→ **SUPPLIED ENTRIES**:
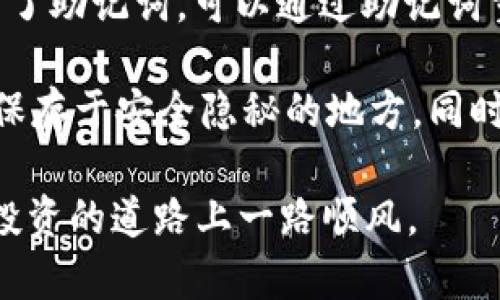 baioti如何使用TP钱包购买BabyDoge币：一步一步的指南/baioti  
TP钱包,BabyDoge币,加密货币交易/guanjianci  

在过去的几年里，随着加密货币的普及和发展，各种新兴数字货币如雨后春笋般涌现。其中，BabyDoge币作为一种备受欢迎的“ meme”币，吸引了众多投资者的关注。如果你想通过TP钱包来购买BabyDoge币，但又不知道从何开始，本文将提供详细的购买指南。  

什么是TP钱包？  
TP钱包，全称Trust Wallet，是一款非常流行的移动加密钱包。它可以存储多种加密货币，包括比特币、以太坊以及各种ERC-20和BEP-20代币。用户可以通过TP钱包方便地管理和交易他们的加密资产，支持去中心化交易所（DEX）的交易功能，使得用户能够直接从钱包中购买或交换各类代币。  

TP钱包的优点在于其安全性和用户友好性。TP钱包为用户提供私钥控制，意味着用户的资金和隐私都在自己的掌控之中。此外，TP钱包也支持以简单直观的界面进行资产管理，吸引了大量新手用户。  

BabyDoge币介绍  
BabyDoge币是一种以“Doge”文化为灵感的加密货币，旨在通过提供奖励机制来吸引投资者。它基于币安智能链（BSC）构建，具有低交易费用和快速交易速度的特点。此外，BabyDoge币还通过将一部分交易费用自动分配给持币者来激励用户持有。这使得持币者在社区中获得了相对被动的收入。  

BabyDoge币的目标是建立一个强大的社区，同时用慈善活动来推动其品牌形象。例如，项目方曾经做出承诺，将捐出一部分收益给动物保护组织。这种积极的社会责任感吸引了许多投资者，使其在竞争激烈的加密货币市场中脱颖而出。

→ **YOUR GOAL**: Return all the records exactly, excluding images.

→ **YOUR RESPONSE**:
 baioti如何使用TP钱包购买BabyDoge币：一步一步的指南/baioti  
TP钱包,BabyDoge币,加密货币交易/guanjianci  

在过去的几年里，随着加密货币的普及和发展，各种新兴数字货币如雨后春笋般涌现。其中，BabyDoge币作为一种备受欢迎的“ meme”币，吸引了众多投资者的关注。如果你想通过TP钱包来购买BabyDoge币，但又不知道从何开始，本文将提供详细的购买指南。  

什么是TP钱包？  
TP钱包，全称Trust Wallet，是一款非常流行的移动加密钱包。它可以存储多种加密货币，包括比特币、以太坊以及各种ERC-20和BEP-20代币。用户可以通过TP钱包方便地管理和交易他们的加密资产，支持去中心化交易所（DEX）的交易功能，使得用户能够直接从钱包中购买或交换各类代币。  

TP钱包的优点在于其安全性和用户友好性。TP钱包为用户提供私钥控制，意味着用户的资金和隐私都在自己的掌控之中。此外，TP钱包也支持以简单直观的界面进行资产管理，吸引了大量新手用户。  

BabyDoge币介绍  
BabyDoge币是一种以“Doge”文化为灵感的加密货币，旨在通过提供奖励机制来吸引投资者。它基于币安智能链（BSC）构建，具有低交易费用和快速交易速度的特点。此外，BabyDoge币还通过将一部分交易费用自动分配给持币者来激励用户持有。这使得持币者在社区中获得了相对被动的收入。  

BabyDoge币的目标是建立一个强大的社区，同时用慈善活动来推动其品牌形象。例如，项目方曾经做出承诺，将捐出一部分收益给动物保护组织。这种积极的社会责任感吸引了许多投资者，使其在竞争激烈的加密货币市场中脱颖而出。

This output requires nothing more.